用Python拷貝word圖片到指定文件

2021-03-06 快學Python

作者：小小明，Pandas數據處理專家，致力於幫助無數數據從業者解決數據處理難題

編輯：朱小五，一隻不務正業的數據狗

日常工作中，領導要求你將一份 Word 文檔中的圖片存儲到一個文件夾內，你可能會一邊內心崩潰，一邊開始一張張的 另存為。

但假如領導要求你將幾百個word文檔中的圖片全部都拷貝出來，你是不是打算離職不幹了？

就比如下面這些word文檔中的圖片，你能否快速的把所有圖片都拷貝出來呢？

如果老朋友們看過這篇文章《老闆讓我從Word中複製出1000張圖片？》的話，就應該知道怎麼做了。

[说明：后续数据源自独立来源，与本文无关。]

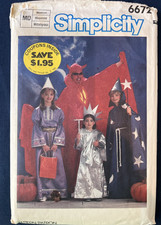 Simplicity 6672 Adults - Teen 4 Costume Designs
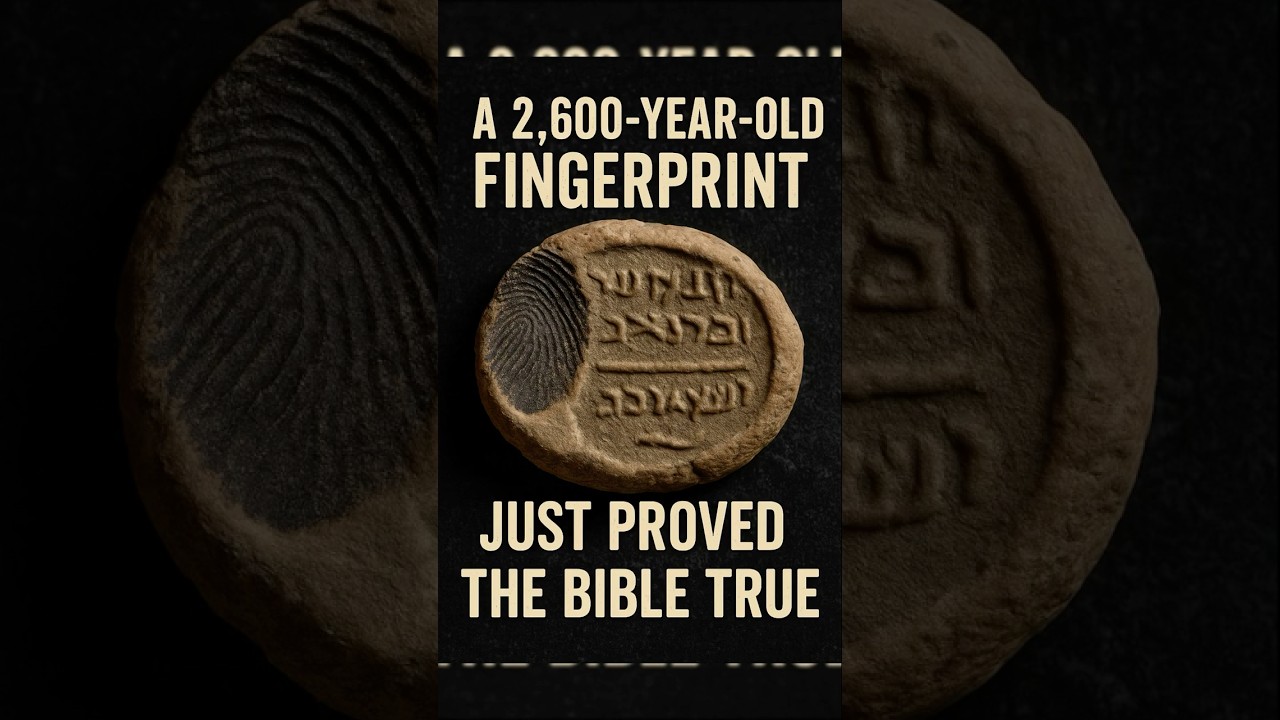 2,600-Year-Old Fingerprint PROVES the Bible Is TRUE 😳📜 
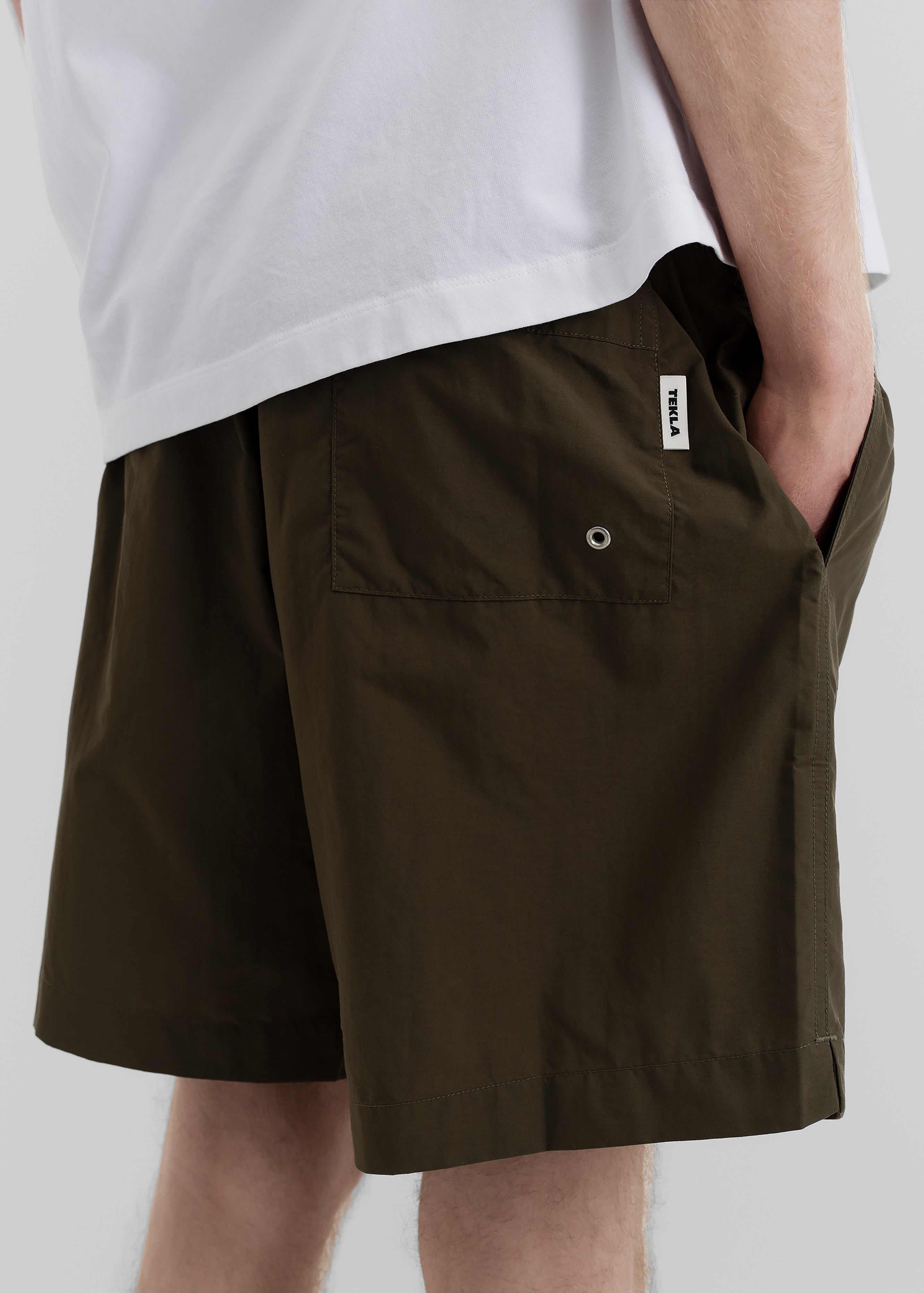 Tekla Swim Shorts - Olive - 3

不過，上次分享的這種方法還是有缺陷的：把word文檔用壓縮文件打開，逐個解壓的話依然會耗時較長時間，另外裡面摻雜了doc格式的word文檔，你還需將這些03版本的word文檔另存為docx格式。

今天，將給大家展示一下全新版本！！！

寫個程序，十秒內全部給你轉換完畢，並把圖片都提取出來，還能批量從真實修改圖片格式，而不是簡單的修改一下擴展名。

（文末附帶exe可執行程序）

下面開始展示

doc格式批量轉為docx

python提供了win32com模塊，其中的SaveAs方法可以代替人手批量將文件另存為我們需要的格式。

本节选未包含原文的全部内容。